» **WHAT YOU NEED TO DO**:
Nothing in the data may be altered, so output all of it exactly.

Crawled caption data:

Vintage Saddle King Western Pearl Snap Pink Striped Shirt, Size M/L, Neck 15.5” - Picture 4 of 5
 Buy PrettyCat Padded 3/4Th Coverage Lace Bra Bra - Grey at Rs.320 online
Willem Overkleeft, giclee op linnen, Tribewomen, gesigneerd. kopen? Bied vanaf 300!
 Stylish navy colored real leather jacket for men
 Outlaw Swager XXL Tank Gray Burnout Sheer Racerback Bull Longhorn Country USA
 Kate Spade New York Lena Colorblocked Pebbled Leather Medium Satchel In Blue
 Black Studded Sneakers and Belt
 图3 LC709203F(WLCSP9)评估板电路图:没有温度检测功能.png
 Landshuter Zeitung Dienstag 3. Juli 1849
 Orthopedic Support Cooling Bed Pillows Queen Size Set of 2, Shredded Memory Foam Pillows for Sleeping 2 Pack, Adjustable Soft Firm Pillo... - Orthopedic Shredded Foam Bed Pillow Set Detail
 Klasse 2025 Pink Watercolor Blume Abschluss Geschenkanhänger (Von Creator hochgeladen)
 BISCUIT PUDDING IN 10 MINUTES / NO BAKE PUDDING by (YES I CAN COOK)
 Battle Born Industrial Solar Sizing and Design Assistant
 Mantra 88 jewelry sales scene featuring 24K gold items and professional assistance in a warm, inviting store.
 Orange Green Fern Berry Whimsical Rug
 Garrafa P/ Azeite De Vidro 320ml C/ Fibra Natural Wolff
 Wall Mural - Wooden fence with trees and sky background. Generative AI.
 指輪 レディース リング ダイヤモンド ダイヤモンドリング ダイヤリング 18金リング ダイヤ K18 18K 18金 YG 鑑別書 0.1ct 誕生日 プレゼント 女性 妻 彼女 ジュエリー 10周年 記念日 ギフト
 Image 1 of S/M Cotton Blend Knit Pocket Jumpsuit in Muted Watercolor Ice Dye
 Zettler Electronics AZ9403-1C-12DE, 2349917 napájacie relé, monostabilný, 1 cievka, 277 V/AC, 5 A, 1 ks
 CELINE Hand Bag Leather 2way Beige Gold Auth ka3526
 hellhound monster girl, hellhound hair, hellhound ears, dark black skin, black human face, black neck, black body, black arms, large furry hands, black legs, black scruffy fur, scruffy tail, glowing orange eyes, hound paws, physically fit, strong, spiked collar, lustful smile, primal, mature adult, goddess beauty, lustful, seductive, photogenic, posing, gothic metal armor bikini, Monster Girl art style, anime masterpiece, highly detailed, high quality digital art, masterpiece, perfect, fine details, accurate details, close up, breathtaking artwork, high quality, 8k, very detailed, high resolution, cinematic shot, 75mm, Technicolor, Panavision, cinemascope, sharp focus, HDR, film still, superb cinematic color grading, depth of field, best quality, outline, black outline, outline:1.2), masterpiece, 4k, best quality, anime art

» **RESPONSE**:
Vintage Saddle King Western Pearl Snap Pink Striped Shirt, Size M/L, Neck 15.5” - Picture 4 of 5
 Buy PrettyCat Padded 3/4Th Coverage Lace Bra Bra - Grey at Rs.320 online
Willem Overkleeft, giclee op linnen, Tribewomen, gesigneerd. kopen? Bied vanaf 300!
 Stylish navy colored real leather jacket for men
 Outlaw Swager XXL Tank Gray Burnout Sheer Racerback Bull Longhorn Country USA
 Kate Spade New York Lena Colorblocked Pebbled Leather Medium Satchel In Blue
 Black Studded Sneakers and Belt
 图3 LC709203F(WLCSP9)评估板电路图:没有温度检测功能.png
 Landshuter Zeitung Dienstag 3. Juli 1849
 Orthopedic Support Cooling Bed Pillows Queen Size Set of 2, Shredded Memory Foam Pillows for Sleeping 2 Pack, Adjustable Soft Firm Pillo... - Orthopedic Shredded Foam Bed Pillow Set Detail
 Klasse 2025 Pink Watercolor Blume Abschluss Geschenkanhänger (Von Creator hochgeladen)
 BISCUIT PUDDING IN 10 MINUTES / NO BAKE PUDDING by (YES I CAN COOK)
 Battle Born Industrial Solar Sizing and Design Assistant
 Mantra 88 jewelry sales scene featuring 24K gold items and professional assistance in a warm, inviting store.
 Orange Green Fern Berry Whimsical Rug
 Garrafa P/ Azeite De Vidro 320ml C/ Fibra Natural Wolff
 Wall Mural - Wooden fence with trees and sky background. Generative AI.
 指輪 レディース リング ダイヤモンド ダイヤモンドリング ダイヤリング 18金リング ダイヤ K18 18K 18金 YG 鑑別書 0.1ct 誕生日 プレゼント 女性 妻 彼女 ジュエリー 10周年 記念日 ギフト
 Image 1 of S/M Cotton Blend Knit Pocket Jumpsuit in Muted Watercolor Ice Dye
 Zettler Electronics AZ9403-1C-12DE, 2349917 napájacie relé, monostabilný, 1 cievka, 277 V/AC, 5 A, 1 ks
 CELINE Hand Bag Leather 2way Beige Gold Auth ka3526
 hellhound monster girl, hellhound hair, hellhound ears, dark black skin, black human face, black neck, black body, black arms, large furry hands, black legs, black scruffy fur, scruffy tail, glowing orange eyes, hound paws, physically fit, strong, spiked collar, lustful smile, primal, mature adult, goddess beauty, lustful, seductive, photogenic, posing, gothic metal armor bikini, Monster Girl art style, anime masterpiece, highly detailed, high quality digital art, masterpiece, perfect, fine details, accurate details, close up, breathtaking artwork, high quality, 8k, very detailed, high resolution, cinematic shot, 75mm, Technicolor, Panavision, cinemascope, sharp focus, HDR, film still, superb cinematic color grading, depth of field, best quality, outline, black outline, outline:1.2), masterpiece, 4k, best quality, anime art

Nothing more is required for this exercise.